Signée par Madame Perrine ROBERT, Juge de la mise en état et par Madame Lénaïg BLANCHO, Greffier, auquel la minute de la décision a été remise par le magistrat signataire.
La SCI [Z] BOLIVAR a vendu en l’état futur d’achèvement un appartement à Madame [G] par acte du 28 décembre 2010 sis à Paris 19ème, 93-95 rue de Belleville et 2 avenue Simon Bolivar.
Se plaignant de non conformités contractuelles dont une non-conformité relative à la surface de l’appartement, Madame [G] a assigné la SCI [Z] BOLIVAR devant le Tribunal de grande instance de Paris en restitution d’une partie du prix par acte d’huissier du 31 octobre 2012. Dans le cadre de cette instance, la SCI [Z] BOLIVAR a appelé en garantie la société PSE ARCHITECTURE, maître d’oeuvre de l’opération de construction.
Par jugement du 27 mai 2016, le tribunal de grande instance de Paris a notamment :
— condamné la SCI [Z] BOLIVAR à payer à Madame [G] avec les intérêts légaux calculés à compter de l’assignation :
* 27 242, 50 euros au titre de la réduction du prix de vente,
* 466 euros au titre des droits de mutations proportionnels à la surface inexistante,
— dit que la société PSE ARCHITECTURE garantira la SCI [Z] BOLIVAR de sa condamnation,
— condamné in solidum les sociétés [Z]-BOLIVAR et PSE ARCHITECTURE à verser à Madame [G] la somme de 2 000 euros chacune au titre de l’article 700 du code de procédure civile,
— condamné les défendeurs aux dépens en ce compris les frais d’expertise.
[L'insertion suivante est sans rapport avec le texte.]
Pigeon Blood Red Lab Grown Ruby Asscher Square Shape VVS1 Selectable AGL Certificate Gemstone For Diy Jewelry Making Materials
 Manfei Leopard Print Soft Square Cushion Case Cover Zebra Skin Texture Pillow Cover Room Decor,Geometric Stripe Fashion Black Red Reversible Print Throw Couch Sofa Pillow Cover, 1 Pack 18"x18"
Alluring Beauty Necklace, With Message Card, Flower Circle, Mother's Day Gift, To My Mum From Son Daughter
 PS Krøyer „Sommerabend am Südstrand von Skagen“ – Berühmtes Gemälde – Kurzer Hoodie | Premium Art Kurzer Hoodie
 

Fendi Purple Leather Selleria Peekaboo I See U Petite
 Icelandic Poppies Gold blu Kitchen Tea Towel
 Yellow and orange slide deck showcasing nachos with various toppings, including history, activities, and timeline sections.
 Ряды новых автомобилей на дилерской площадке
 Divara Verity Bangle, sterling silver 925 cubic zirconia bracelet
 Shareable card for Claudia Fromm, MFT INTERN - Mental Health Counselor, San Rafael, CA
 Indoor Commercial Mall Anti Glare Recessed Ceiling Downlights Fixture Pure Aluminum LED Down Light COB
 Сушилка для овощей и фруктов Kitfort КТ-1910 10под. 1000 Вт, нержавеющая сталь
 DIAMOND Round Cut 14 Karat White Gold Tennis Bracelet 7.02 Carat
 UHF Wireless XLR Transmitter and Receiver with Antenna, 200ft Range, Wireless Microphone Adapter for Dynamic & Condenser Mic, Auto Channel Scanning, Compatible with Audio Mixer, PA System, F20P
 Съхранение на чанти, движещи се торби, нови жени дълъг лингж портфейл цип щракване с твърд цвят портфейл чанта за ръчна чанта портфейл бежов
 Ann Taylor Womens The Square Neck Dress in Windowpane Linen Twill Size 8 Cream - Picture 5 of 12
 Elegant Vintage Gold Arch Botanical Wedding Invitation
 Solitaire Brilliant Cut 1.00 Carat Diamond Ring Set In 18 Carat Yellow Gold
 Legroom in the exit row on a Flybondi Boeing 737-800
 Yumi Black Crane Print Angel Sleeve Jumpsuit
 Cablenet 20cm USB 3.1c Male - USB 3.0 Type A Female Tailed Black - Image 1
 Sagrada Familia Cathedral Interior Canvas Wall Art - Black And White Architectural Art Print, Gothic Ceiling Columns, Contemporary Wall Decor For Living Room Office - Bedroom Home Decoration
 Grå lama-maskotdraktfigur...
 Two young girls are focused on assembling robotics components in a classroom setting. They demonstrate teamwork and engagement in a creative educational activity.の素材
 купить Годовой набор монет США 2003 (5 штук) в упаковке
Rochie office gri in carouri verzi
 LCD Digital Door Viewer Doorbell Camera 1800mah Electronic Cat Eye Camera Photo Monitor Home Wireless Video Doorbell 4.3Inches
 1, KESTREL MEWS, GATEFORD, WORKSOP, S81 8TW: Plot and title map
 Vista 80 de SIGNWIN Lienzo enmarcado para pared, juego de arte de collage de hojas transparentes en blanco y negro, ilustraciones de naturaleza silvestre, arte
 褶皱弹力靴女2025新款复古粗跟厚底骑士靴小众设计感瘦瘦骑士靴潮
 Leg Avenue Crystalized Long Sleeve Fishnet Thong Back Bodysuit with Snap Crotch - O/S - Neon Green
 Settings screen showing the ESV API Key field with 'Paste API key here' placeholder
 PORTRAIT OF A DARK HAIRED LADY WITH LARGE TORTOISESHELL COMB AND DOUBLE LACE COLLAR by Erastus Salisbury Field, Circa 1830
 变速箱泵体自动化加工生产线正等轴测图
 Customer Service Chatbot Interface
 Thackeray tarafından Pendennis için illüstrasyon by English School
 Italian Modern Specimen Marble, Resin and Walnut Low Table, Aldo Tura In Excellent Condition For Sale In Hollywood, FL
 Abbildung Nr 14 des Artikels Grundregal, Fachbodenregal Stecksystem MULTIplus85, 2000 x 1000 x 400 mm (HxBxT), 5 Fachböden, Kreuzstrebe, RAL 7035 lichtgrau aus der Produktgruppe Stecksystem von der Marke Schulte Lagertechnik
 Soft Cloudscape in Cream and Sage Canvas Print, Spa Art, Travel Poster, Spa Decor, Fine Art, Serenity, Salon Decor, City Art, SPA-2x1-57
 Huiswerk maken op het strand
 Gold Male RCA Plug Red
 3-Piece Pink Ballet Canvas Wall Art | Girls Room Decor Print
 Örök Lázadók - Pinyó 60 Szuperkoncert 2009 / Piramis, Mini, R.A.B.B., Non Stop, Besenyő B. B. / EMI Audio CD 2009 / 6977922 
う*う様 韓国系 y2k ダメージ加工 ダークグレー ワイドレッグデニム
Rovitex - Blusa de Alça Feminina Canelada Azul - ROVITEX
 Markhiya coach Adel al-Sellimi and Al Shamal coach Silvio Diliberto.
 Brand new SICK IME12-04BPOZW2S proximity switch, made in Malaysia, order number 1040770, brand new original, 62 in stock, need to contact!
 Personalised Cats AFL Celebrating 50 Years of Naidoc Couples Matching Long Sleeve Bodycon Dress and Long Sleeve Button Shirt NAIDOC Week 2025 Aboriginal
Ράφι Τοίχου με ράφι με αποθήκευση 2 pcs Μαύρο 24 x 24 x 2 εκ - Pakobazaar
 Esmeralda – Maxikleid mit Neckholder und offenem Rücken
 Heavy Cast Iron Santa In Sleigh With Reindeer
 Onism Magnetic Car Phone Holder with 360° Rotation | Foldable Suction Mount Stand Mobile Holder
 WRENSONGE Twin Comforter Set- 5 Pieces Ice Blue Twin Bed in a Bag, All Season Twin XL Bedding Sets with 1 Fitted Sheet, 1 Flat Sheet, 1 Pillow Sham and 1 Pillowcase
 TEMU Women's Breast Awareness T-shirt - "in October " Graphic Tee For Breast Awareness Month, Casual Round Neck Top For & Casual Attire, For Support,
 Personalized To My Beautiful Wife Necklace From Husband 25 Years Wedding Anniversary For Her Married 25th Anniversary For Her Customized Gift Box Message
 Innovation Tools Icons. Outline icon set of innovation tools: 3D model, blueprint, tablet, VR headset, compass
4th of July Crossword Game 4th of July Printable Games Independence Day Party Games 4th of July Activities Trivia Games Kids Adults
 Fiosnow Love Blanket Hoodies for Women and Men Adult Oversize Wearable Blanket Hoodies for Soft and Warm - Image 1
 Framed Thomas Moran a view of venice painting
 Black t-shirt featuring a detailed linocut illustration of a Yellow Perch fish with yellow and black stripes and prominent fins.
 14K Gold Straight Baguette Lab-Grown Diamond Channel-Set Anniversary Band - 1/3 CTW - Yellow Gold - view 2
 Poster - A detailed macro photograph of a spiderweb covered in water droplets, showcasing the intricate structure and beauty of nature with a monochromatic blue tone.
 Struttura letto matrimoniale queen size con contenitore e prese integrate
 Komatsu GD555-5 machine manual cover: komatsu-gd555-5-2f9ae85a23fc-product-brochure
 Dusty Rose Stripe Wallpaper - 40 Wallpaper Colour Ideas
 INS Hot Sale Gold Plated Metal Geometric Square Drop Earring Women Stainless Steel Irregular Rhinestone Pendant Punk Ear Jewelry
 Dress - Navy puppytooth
Le 27 juin 2016, le Tribunal de commerce de Melun a ouvert une procédure de liquidation judiciaire à l’encontre de la société PSE ARCHITECTURE. La SCI [Z] BOLIVAR a déclaré sa créance le 30 août 2016.
Me [E] [S], liquidateur judiciaire de la société PSE ARCHITECTURE a interjeté appel du jugement du 27 mai 2016. Dans le cadre de cette instance, la SCI [Z] BOLIVAR a assigné la MAF en intervention forcée devant la Cour d’appel de Paris par acte d’huissier du 17 février 2017.
Par arrêt du 1er juin 2018, la Cour d’appel a infirmé le jugement de première instance en toutes ses dispositions, et, statuant à nouveau, à débouté Madame [G] de toutes ses demandes.
Madame [G] a alors formé un pourvoi en cassation et par arrêt du 21 novembre 2019, la Cour de cassation a cassé l’arrêt de la Cour d’appel renvoyant l’affaire à la cour d’appel de Versailles.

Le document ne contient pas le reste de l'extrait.